ABOUT THIS EXERCISE — Please repeat exactly the lines below from the line with "Profile image for" to the line with "Mercedes-Benz CLK, снимка", including both, and leave out every picture.

RECORDS TO PROCESS —
*** Block opens ***

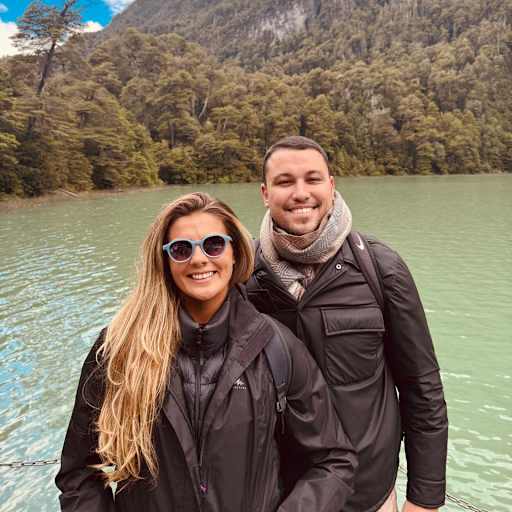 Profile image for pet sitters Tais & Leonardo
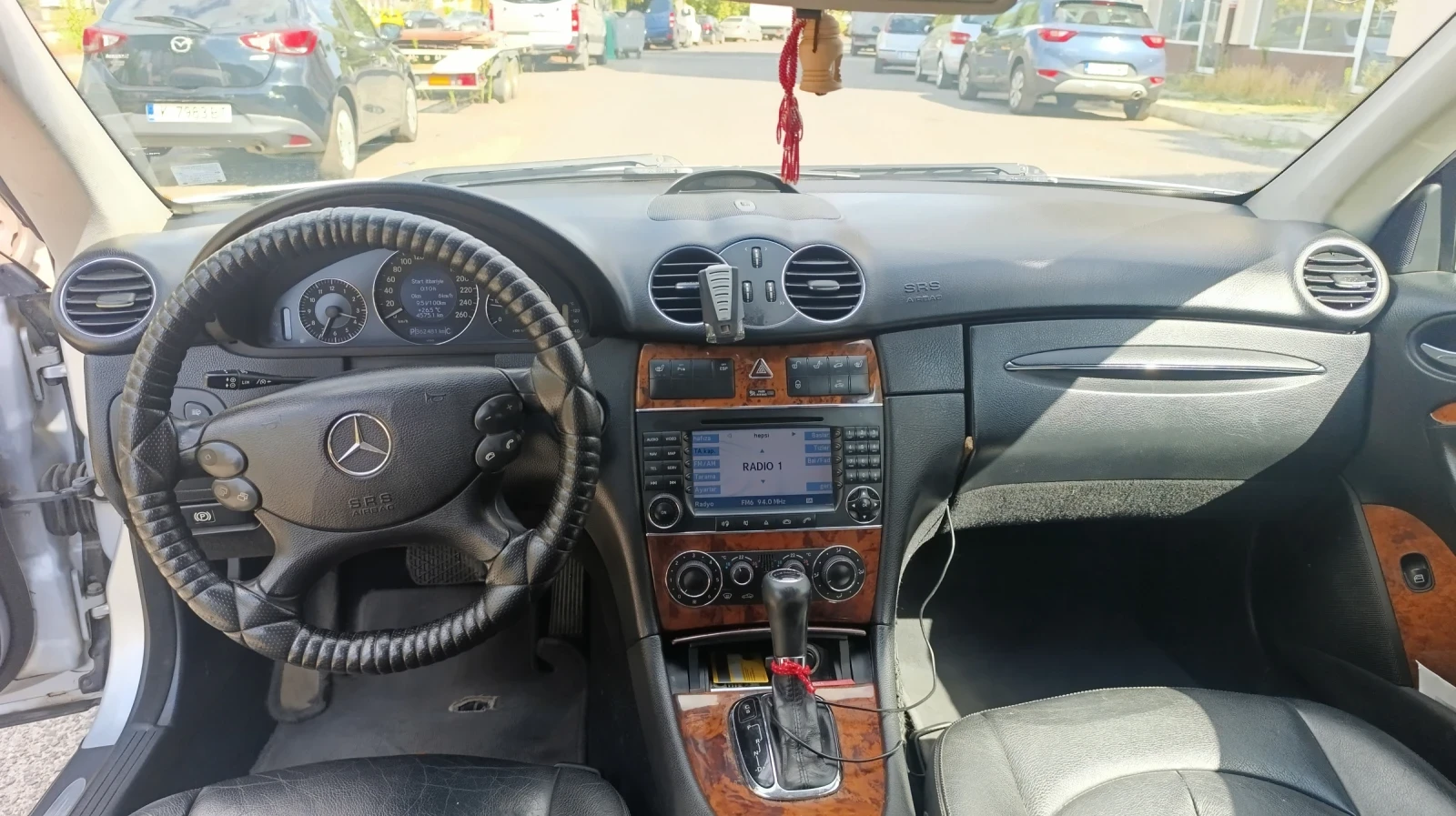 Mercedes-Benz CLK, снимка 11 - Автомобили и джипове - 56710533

*** Block closes ***
*** Block opens ***

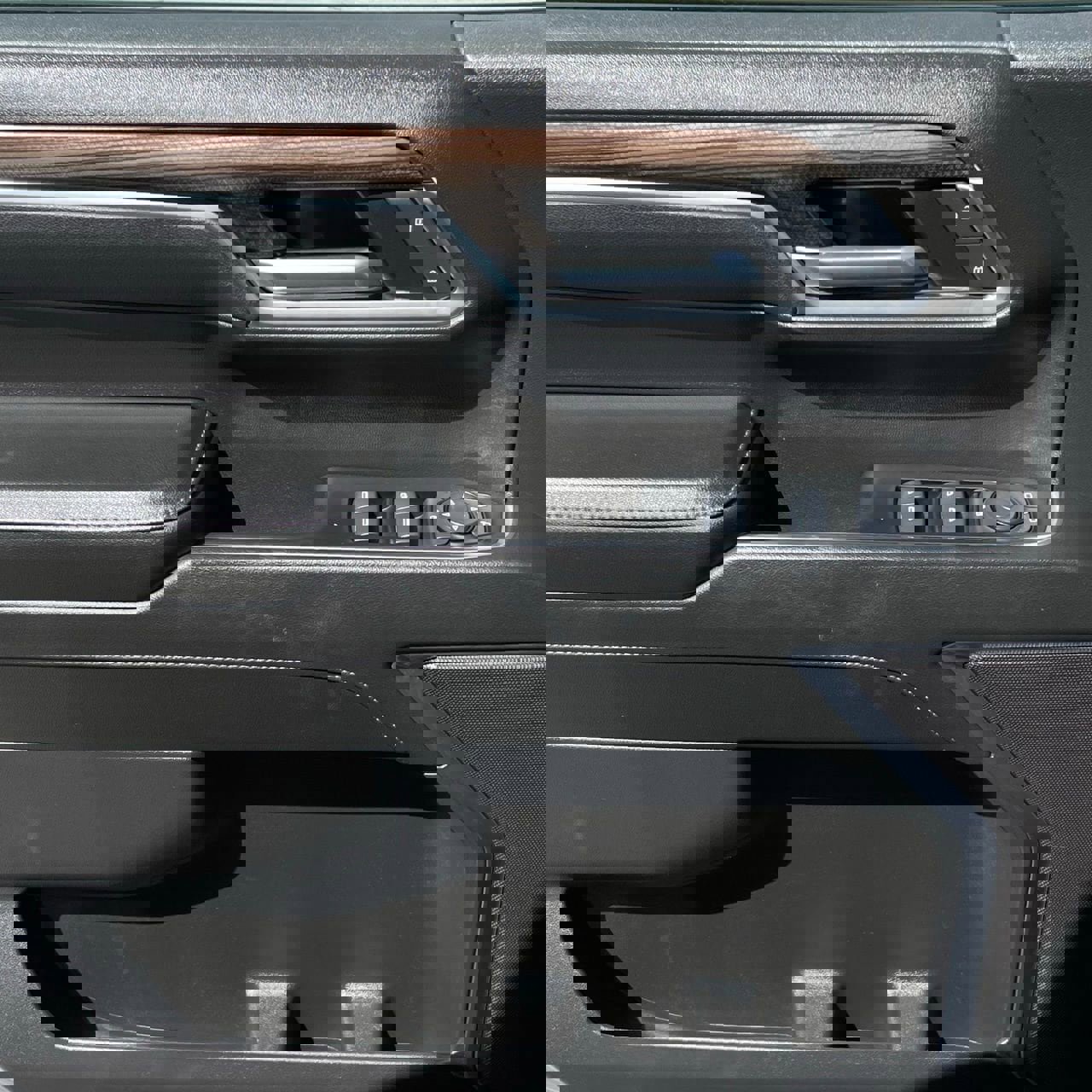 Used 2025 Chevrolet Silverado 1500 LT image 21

*** Block closes ***

WRITTEN RESPONSE —
 Profile image for pet sitters Tais & Leonardo
 Mercedes-Benz CLK, снимка 11 - Автомобили и джипове - 56710533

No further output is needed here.